Vega decomposes the entire AutoML process from data to models into multiple steps, including network architecture search, hyperparameter optimization, data augmentation, and model training. Vega can combine these steps into a complete pipeline through configuration files and execute these steps in sequence, complete the entire process from data to model.

In addition, Vega designs a network and hyperparameter search space independent of the search algorithm for algorithms such as network architecture search, hyperparameter optimization, and data augmentation. You can adjust the configuration file to implement personalized search.

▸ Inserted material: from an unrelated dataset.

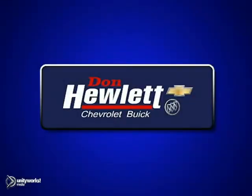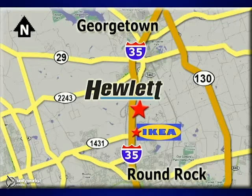At Don Hewlett Chevrolet Buick, we make it easy. We are conveniently located at 7601 South I-35 in Georgetown, Texas.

The following is an example of running the CARS algorithm:

cd examples
vega ./nas/cars/cars.yml

The following describes each item in the configuration file.

1. Overall structure

The configuration of the vega can be divided into two parts:

General configuration. The configuration item name is general. It is used to set common and common configuration items, such as Backend, output path, and log level.
Pipeline configuration, including the following two parts:
1. Pipeline definition. The configuration item name is pipeline, which is a list that contains all steps in the pipeline.
2. Defines each step in Pipeline. The configuration item name is the name of each step defined in Pipeline.

general:
    # general configuration

# Defining a Pipeline.
pipeline: [my_nas, my_hpo, my_data_augmentation, my_fully_train]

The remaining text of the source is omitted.